O tempo da retirada de um órgão e utilização deste em outra pessoa varia. Segundo dados do Ministério da Saúde, o coração, por exemplo, resiste por cerca de quatro horas até o transplante ser consolidado. São minutos preciosos para quem espera uma nova chance de vida e símbolo de generosidade e empatia aos familiares dos doadores. É quando vivências completamente díspares se cruzam e geram novas esperanças.
A comunhão das diferenças, possível a partir de um gesto de amor, é um dos temas defendidos pelo filme "Bate Coração". Com direção de Glauber Filho, nova produção da Estação Luz Filmes convoca o público a incentivar a doação de órgãos e narra uma história inspirada nas peças "Acredite, um espírito baixou em mim" e "O coração safado", ambas de autoria de Ronaldo Ciambroni.
A obra busca retratar, por meio da comédia, questões pertinentes à atual sociedade, como o próprio transplante e a dignidade e respeito à diversidade. Para estabelecer tal cenário, o roteiro desenvolvido por Daniel Dias, Glauber Filho e o próprio Ciambroni coloca em jogo as aspirações de dois personagens antagônicos.
Aos 40 anos, o publicitário Sandro (André Bankoff) encarna a figura do garanhão insaciável. Caricatura do típico hétero "topzeira", é cercado de preconceitos e a única ligação mais séria com o mundo real se concretiza na dedicação ao trabalho. Em plena noite de Réveillon, o cara sofre um infarto e é levado às pressas para o hospital.
No lado periférico da cidade, a cabeleireira Isadora (Aramis Trindade) segue um dia feliz no salão de beleza La Belle de Jour. O pequeno negócio é tocado na companhia de Vera (Germana Guilhermme) e a última noite de ano para a personagem teve um fim trágico.
É quando o outrora saudável Sandro termina por receber um novo coração. A trama principal inclui as presenças da médica Cláudia (Heloisa Jorge), Madeinusa (Dênis Lacerda), Laysa (Patricia Dawson) e a inesperada visita de Davi (Brenno Leone).
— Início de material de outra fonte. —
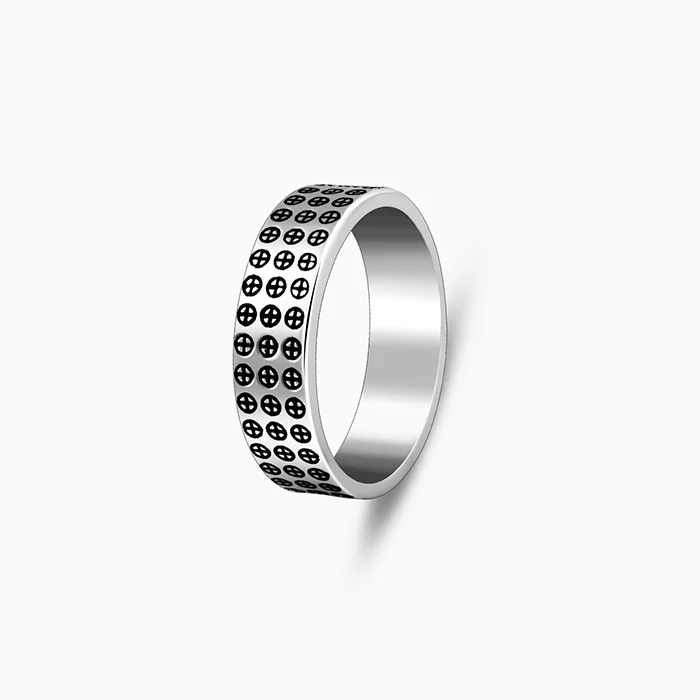 Oxidised Silver Lucifer Ring For Him - Image 4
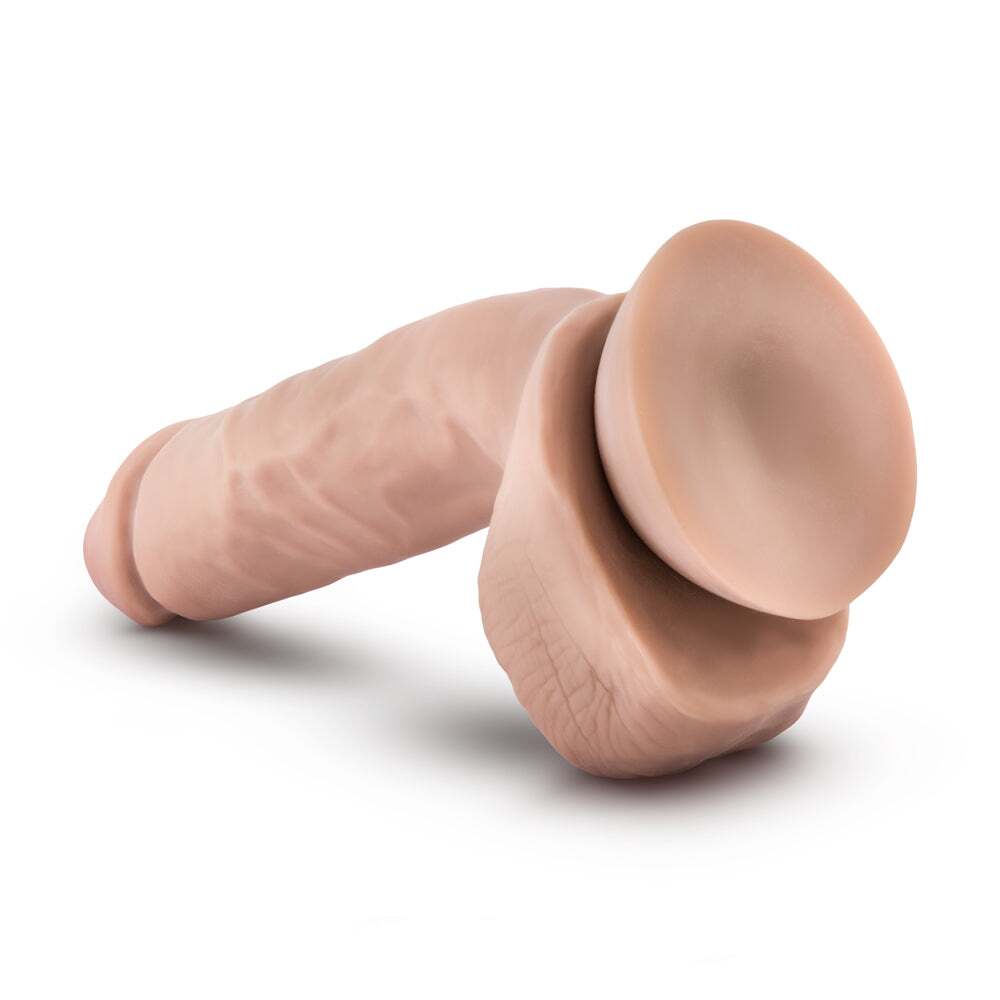 8 inch Dildo by Blush in Vanilla Ivory Beige shown for pegging Her or Him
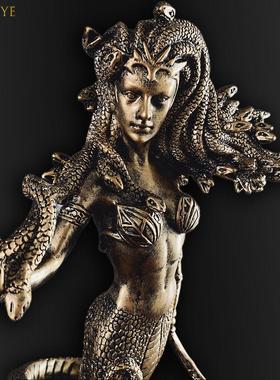 美杜莎奇幻装饰摆饰客厅书房创意人物雕像工艺礼品摆饰欧式家居饰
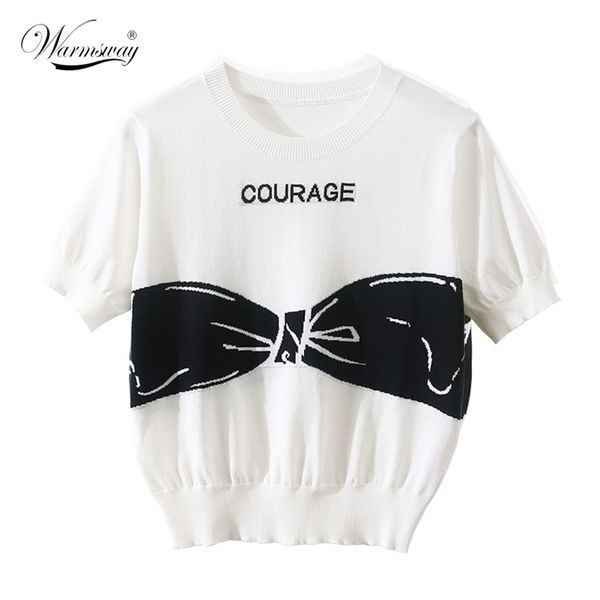 retro fashion jacquard weave big bow t-shirts women summer o-neck short sleeve knitted tees crop b-107 210522, White
retro fashion jacquard weave big bow t-shirts women summer o-neck short sleeve knitted tees crop b-107 210522, White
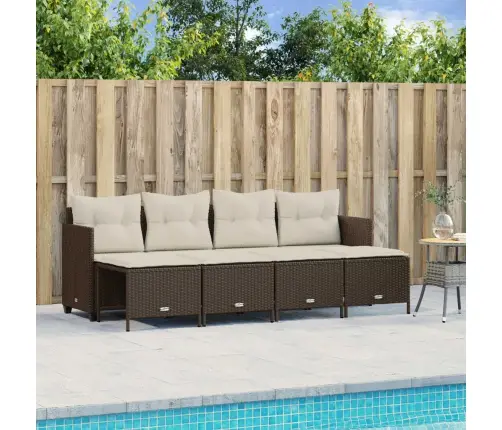 5-Osaline Aiamööblikomplekt Patjadega, Pruun, Polürotang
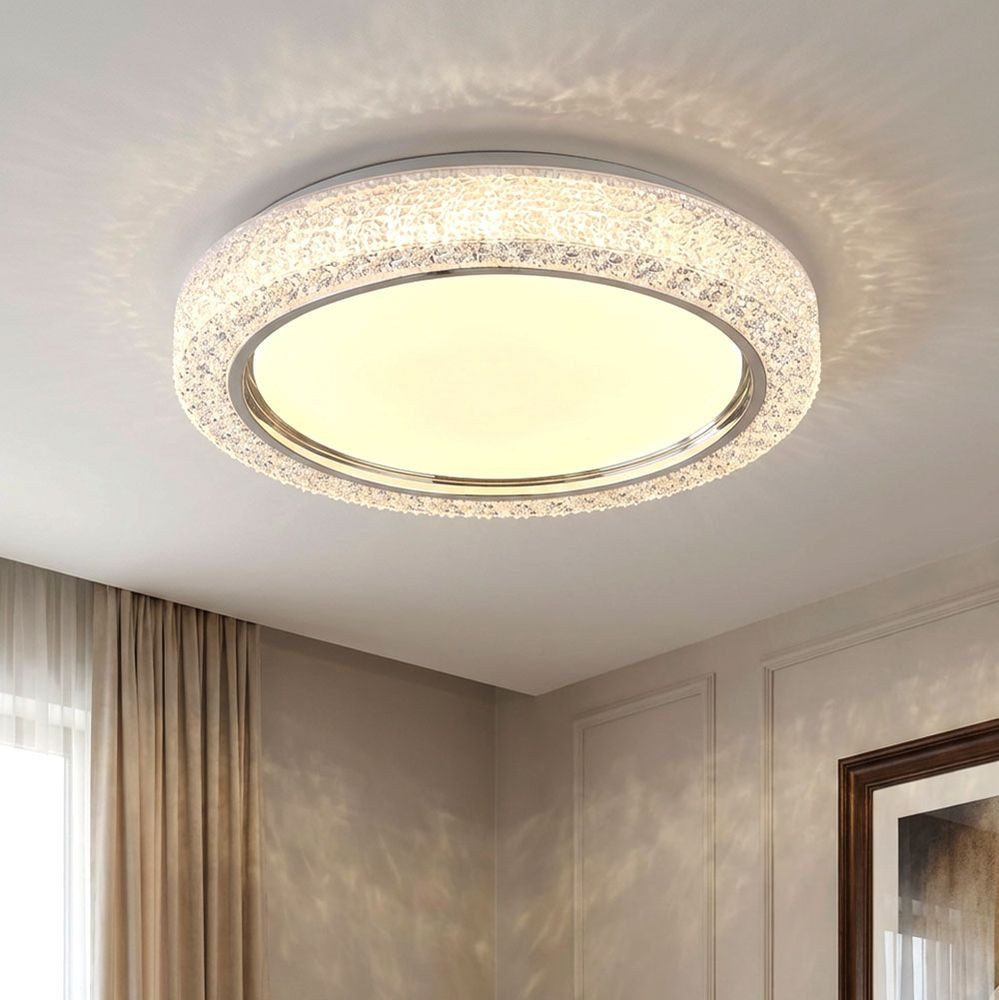 GLOBO LIGHTING LED Deckenleuchte, LED-Leuchtmittel fest verbaut, Warmweiß, Deckenlampe Deckenleuchte LED Wohnzimmerlampe Kristalldekor D 40 cm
Após o procedimento médico, as novas "vidas" de Isadora e Sandro são guiadas por outro par de personas distintas. Conhecemos o espírito Otto (Daniel Dias) e o "parça" de farras do publicitário, Igor (Paulo Verllings). O primeiro é o espírito de um ex-comunista que atua como guia para Isadora, ainda inconformada com o fato de estar morta. O segundo oferece o contraponto às visíveis mudanças de comportamento do transplantado. Assim é construído o conjunto de opostos central à narrativa de Glauber Filho.
Mensagem social
A constante não aceitação da dupla de protagonistas amarra as situações do filme. Na tentativa de ser o mais direto com público, o roteiro adentra o senso comum inerente ao universo de cada personagem. No embate de conflitos e possível harmonia na convivência destes, o interesse de "Bate Coração" é com a mensagem social da doação de órgãos.
Rodado totalmente em Fortaleza, o filme envolveu cerca de 300 profissionais de forma direta e outras mil pessoas indiretamente. Com a chegada aos cinemas, o contingente só aumenta. Unindo elementos da temática espírita à comédia escrachada, a obra informa e gerar empatia no Brasil cada vez mais bestial.
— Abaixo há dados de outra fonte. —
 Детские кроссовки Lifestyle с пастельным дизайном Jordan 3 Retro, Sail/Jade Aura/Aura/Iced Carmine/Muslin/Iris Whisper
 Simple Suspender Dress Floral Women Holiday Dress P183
Sem grandes afetações, Aramis Trindade constrói uma Isadora às voltas com as escolhas da vida, ofertando uma personagem dotada de outras camadas e segredos. Demarca a necessidade do perdão como um predicado de evolução.
Mesmo com menos dimensões, a cria de André Bankoff evolui ao longo da trama na maneira de lidar com o mundo. A escalada do publicitário até encontra um determinado grau de dignidade. Sandro enfrenta muito do humor de situações explorado pelo trabalho.
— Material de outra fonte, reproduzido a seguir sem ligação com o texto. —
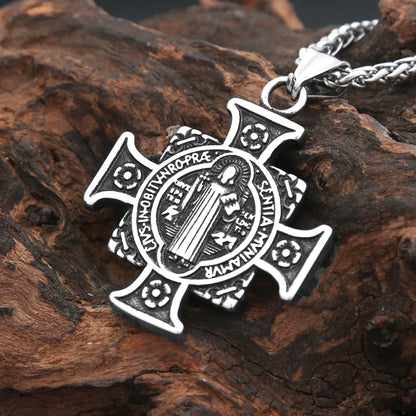 Vintage Saint Benedict Cross Pendant Necklace (316L)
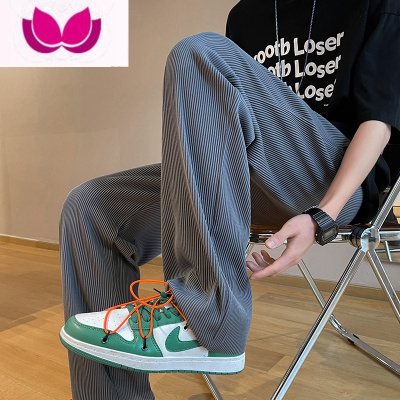 七斓冰丝裤子男港风夏季薄款ins坠感直筒长裤潮流韩版百搭阔腿休闲裤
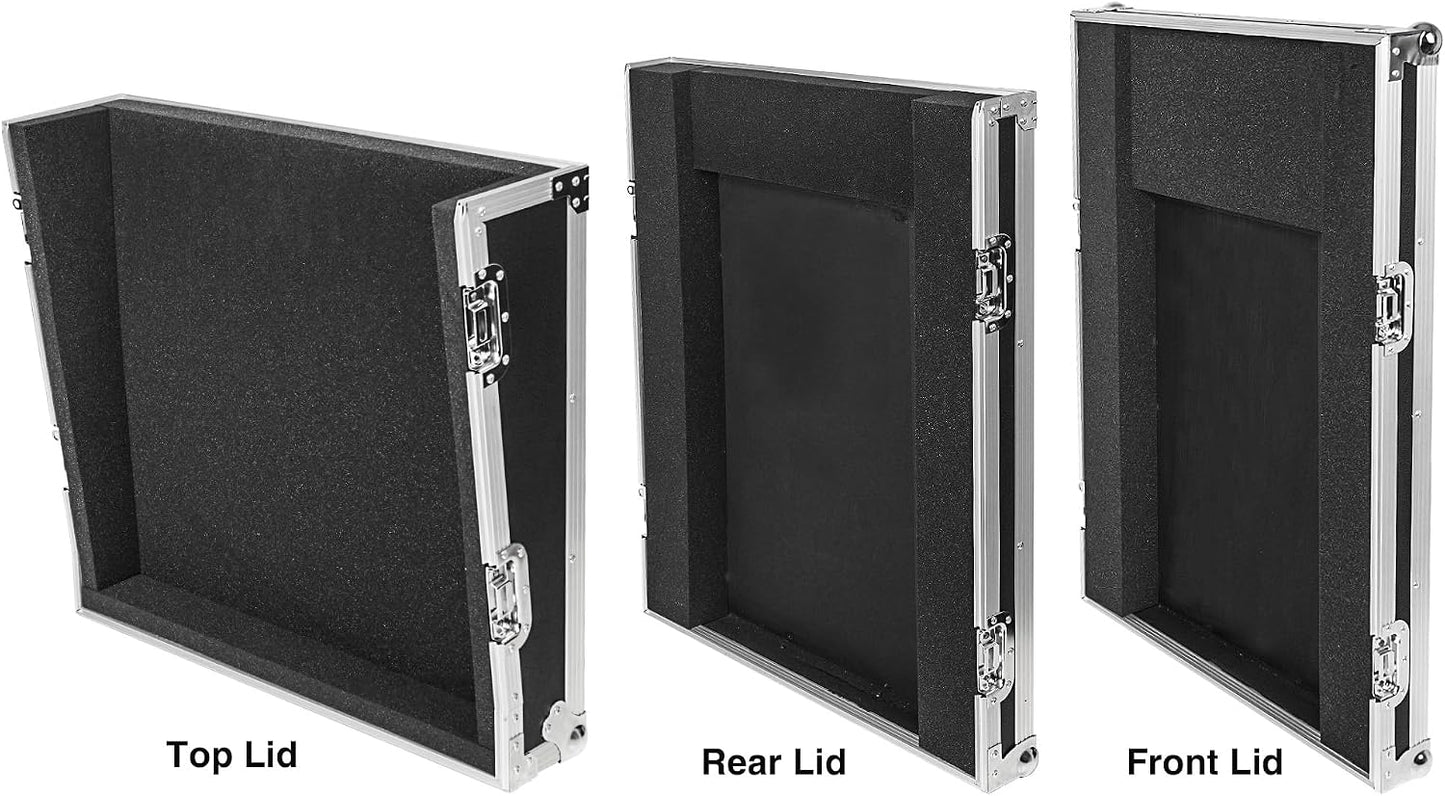 Sound Town Shock Mount 12U ATA Rack Case with 20' Rackable Depth, 11U Slant Mixer Top and Casters, 12-Space Size - Pro Tour Grade (STMR-SP12UW)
A estreia de "Bate Coração" se une a um ano excepcional para o cinema cearense. Reforça a existência de uma série de profissionais comprometidos e de uma indústria capaz de gerar emprego e renda. Que Fortaleza siga cenário fértil para novas histórias nas telonas e testemunhe mais frentes de trabalho no mercado audiovisual.